The man behind Nina stopped pacing and looked directly at their boss. “What do we do now?”

“About this month’s issue?” Deborah asked.

“About everything.”



After Deborah dismissed the group from the room, Nina locked herself in a bathroom stall and began to sob, leaning against the tiled wall to keep herself steady. There were simply too many feelings to process at once.

She could still see it vividly. The moment, just one week earlier, when she and Maura had finally opened their boxes together.

Despite Nina’s insistence on keeping them closed, in the end Maura couldn’t help herself. She had come to Nina one evening with remarkable sangfroid. “I want to open my box,” she said calmly.

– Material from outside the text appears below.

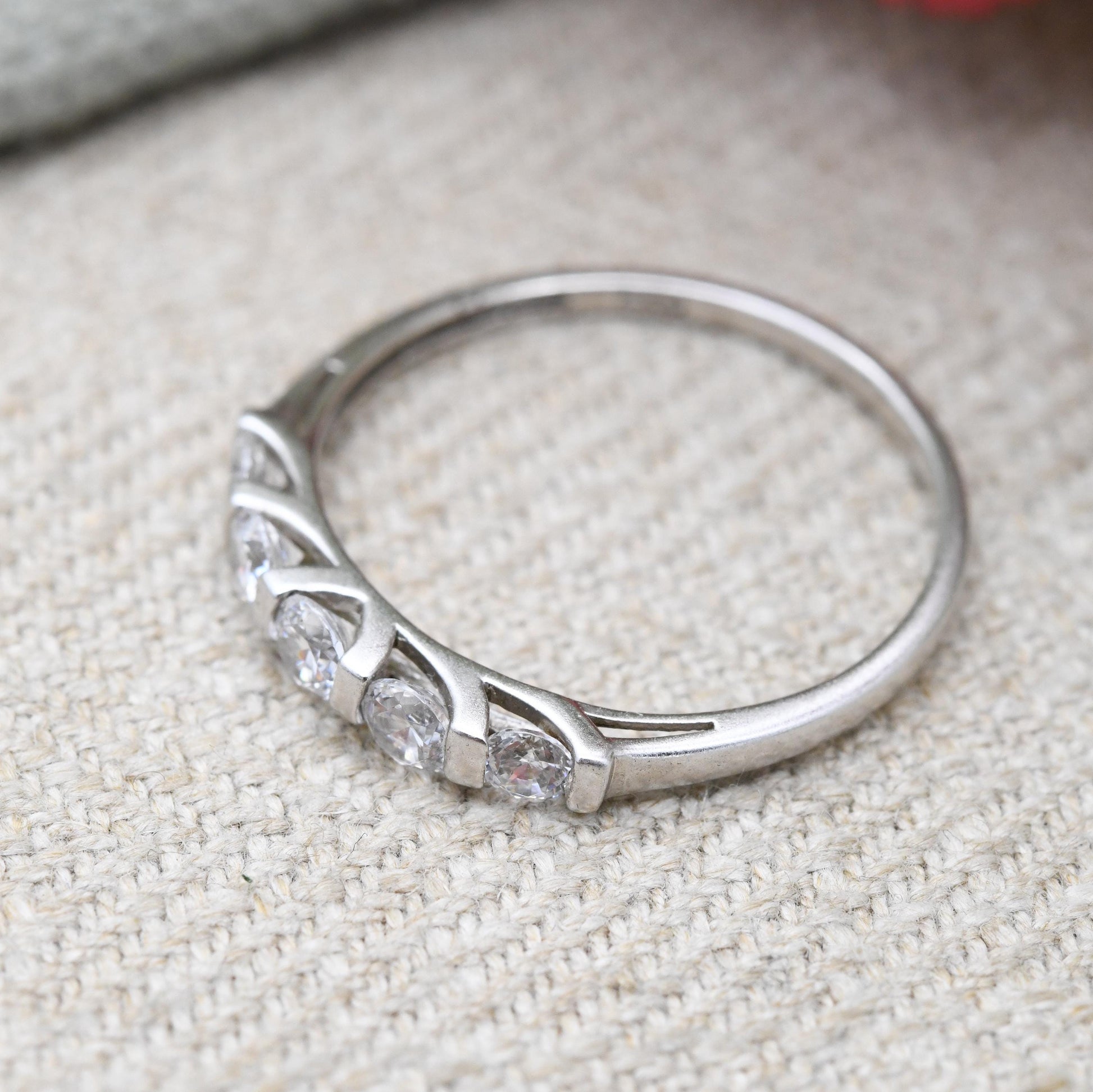 Sterling Silver Cubic Zirconia Five Stone Ring - Small White Stones CZ Ring | Y2K Placeholder Ring | UK Size - V 1/2 | US Size - 10 3/4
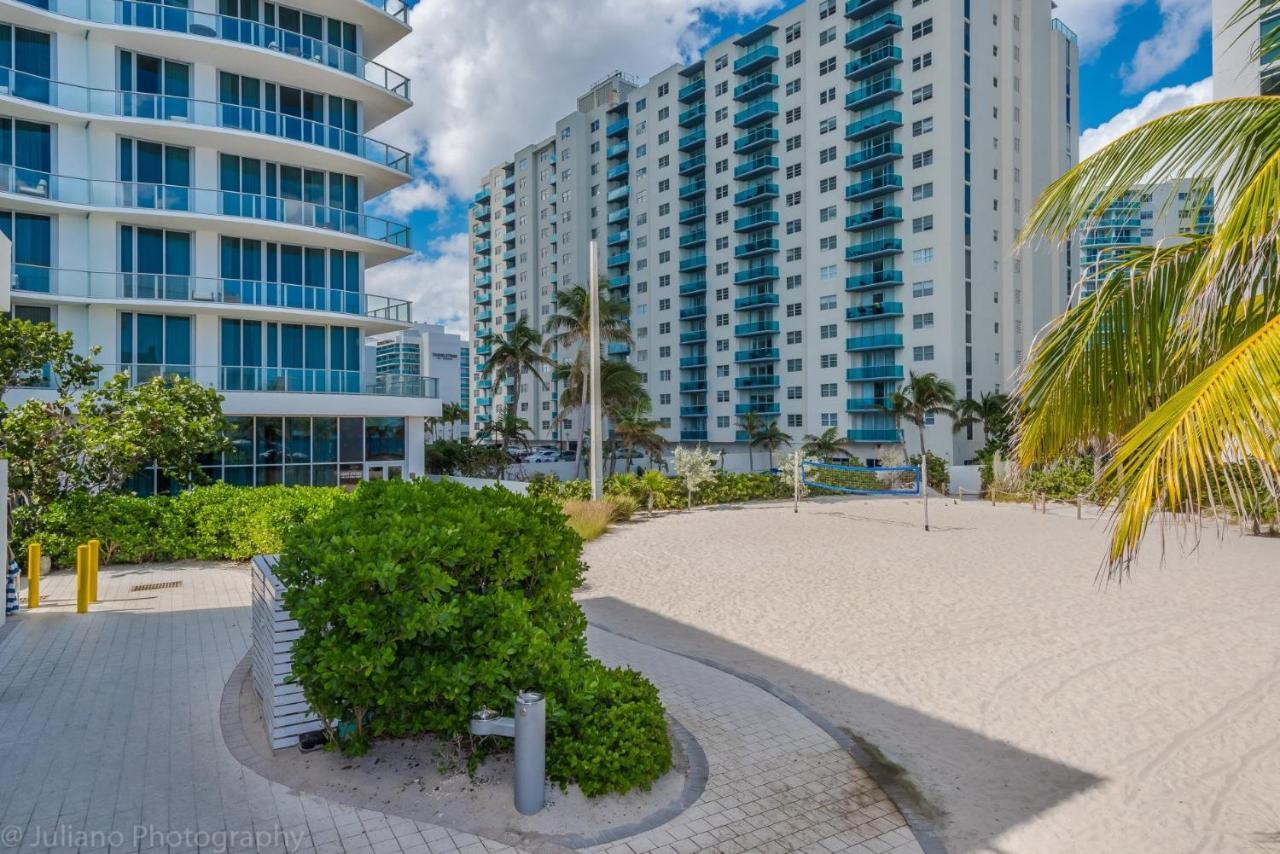 Ocean View 1 Bed On The Beach 19Th Floor Hollywood Hallandale Beach Buitenkant foto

Nina knew that Maura was determined. They could both be stubborn like that. But this wasn’t something simple, like picking out a couch, and there was no such thing as a compromise. They either looked or they didn’t. There was nothing in between.

Nina was afraid to open her box, but she was also aware of something even more frightening, and that was the prospect of opening one’s box all alone. Nina was the eldest child, the big sister with a tendency toward overprotection. And now that same feeling, the urge to shelter and care for everyone around her, encompassed Maura, too. Nina couldn’t let Maura look by herself.

“We’ll do it together,” Nina said.

“No, that’s not what I’m asking.” Maura shook her head. “You don’t need to do that for me.”

“I know,” Nina said. “But I can’t fight the fact that the world seems to be hurtling toward the point where everybody looks. And I’d much rather look with you by my side.”

So the two women sat cross-legged on the rug in their living room and gingerly opened the lids of their boxes, peeling back the paper-thin piece of shimmering cloth inside.

At the time, they weren’t able to interpret the exact meaning of the lengths of their strings, but they placed them between their fingertips and held them out next to each other. One thing was instantly, sickeningly clear: Maura’s string was barely half the length of Nina’s.

They had only just celebrated two years together, only recently begun to share a home. Though they hadn’t explicitly spoken about marriage, Nina had seen Maura steal a peek in her dresser drawers right before their anniversary dinner. They both knew well enough that Nina hated surprises and thrived on planning, so perhaps they each assumed, subconsciously, that Nina would be the one to propose.

As with most people in love, Nina felt like she had known Maura for much longer than two years, but their life together was really just beginning.